## What to produce
Go to the line with "Pokemon Machamp V" in the records below, then output it and each following line exactly, up to and including the line with "Yalla Hummus Bar". Skip pictures and add nothing.

## Study material

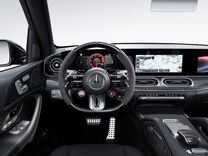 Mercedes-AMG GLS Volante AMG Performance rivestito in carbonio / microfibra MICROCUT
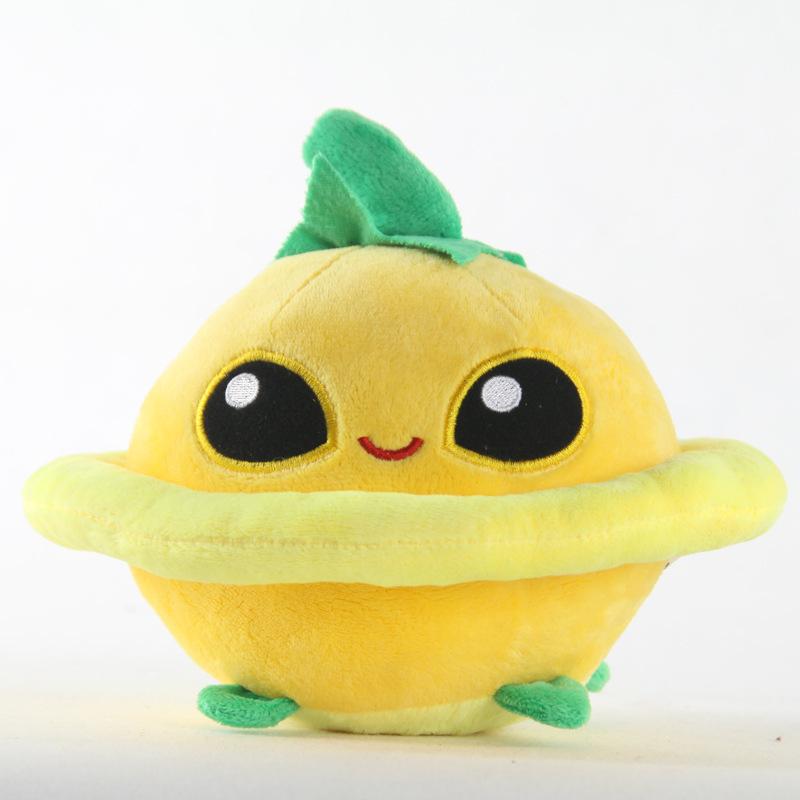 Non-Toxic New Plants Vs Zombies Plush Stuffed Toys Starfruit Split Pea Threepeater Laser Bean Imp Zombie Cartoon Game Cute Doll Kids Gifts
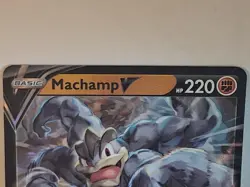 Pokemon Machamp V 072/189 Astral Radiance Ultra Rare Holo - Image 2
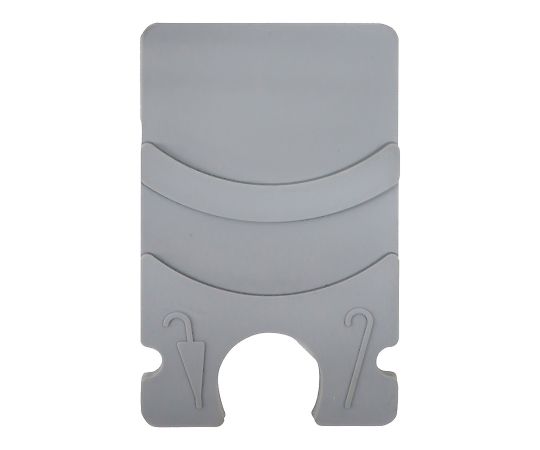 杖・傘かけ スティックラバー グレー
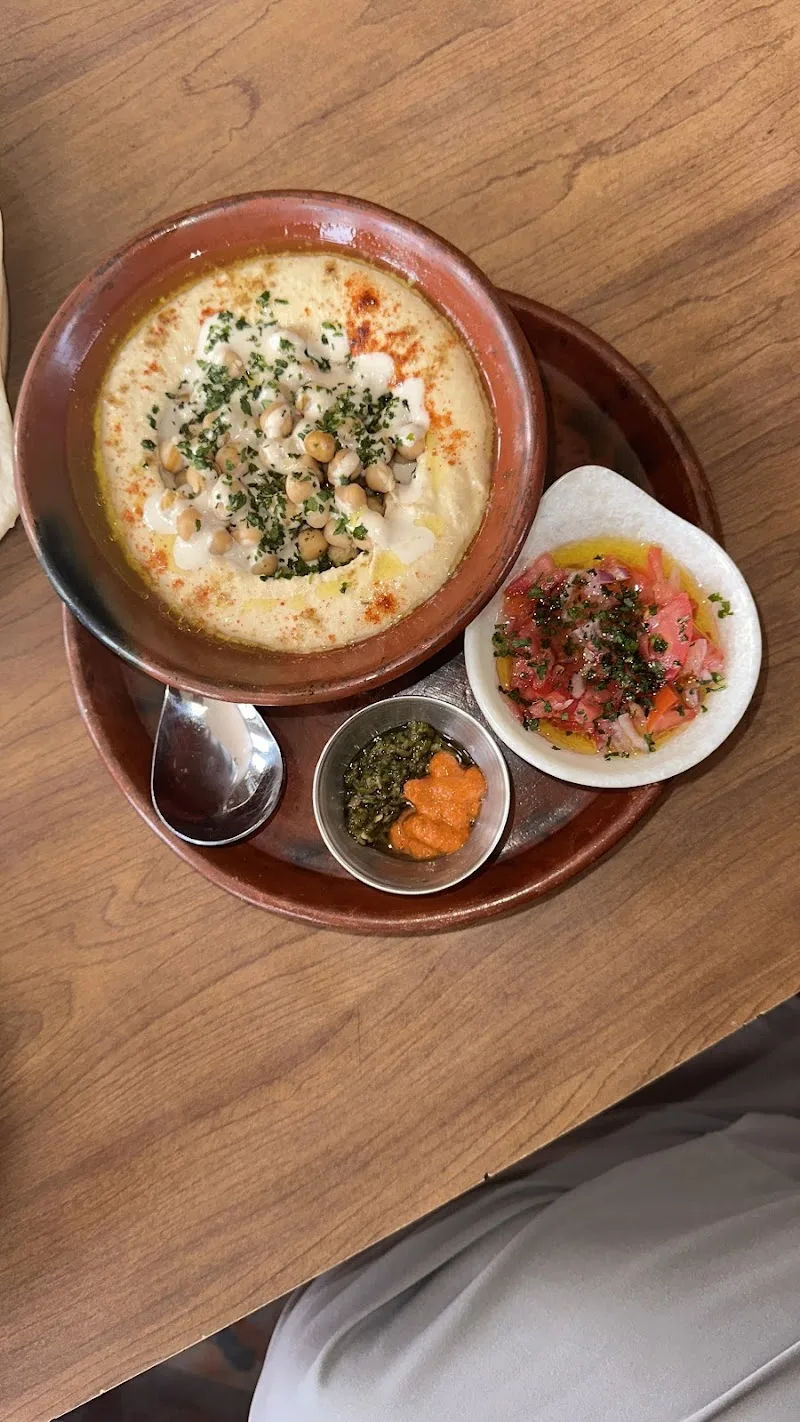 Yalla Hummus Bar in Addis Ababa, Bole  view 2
==
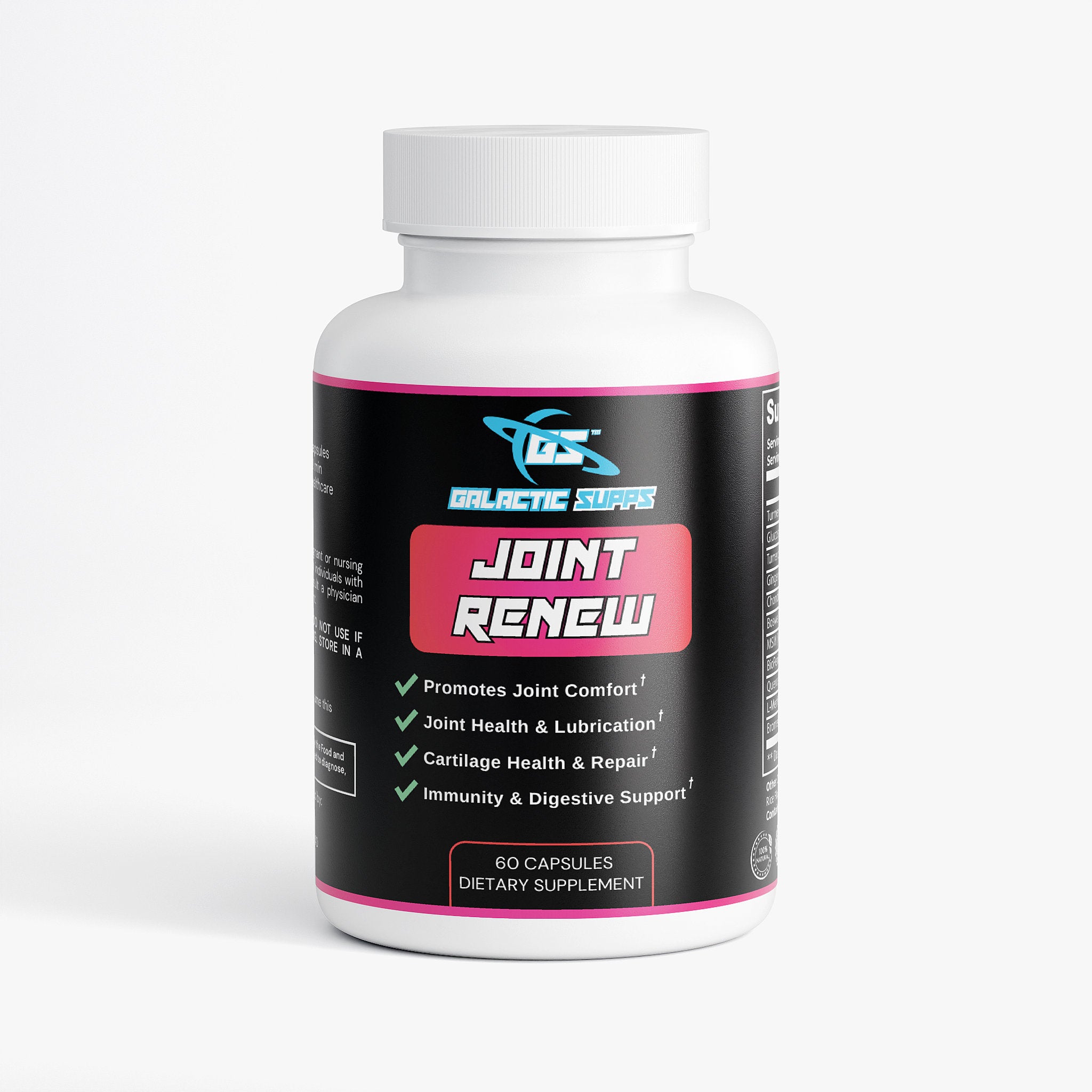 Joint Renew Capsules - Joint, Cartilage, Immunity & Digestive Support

## Task response
 Pokemon Machamp V 072/189 Astral Radiance Ultra Rare Holo - Image 2
 杖・傘かけ スティックラバー グレー
 Yalla Hummus Bar in Addis Ababa, Bole  view 2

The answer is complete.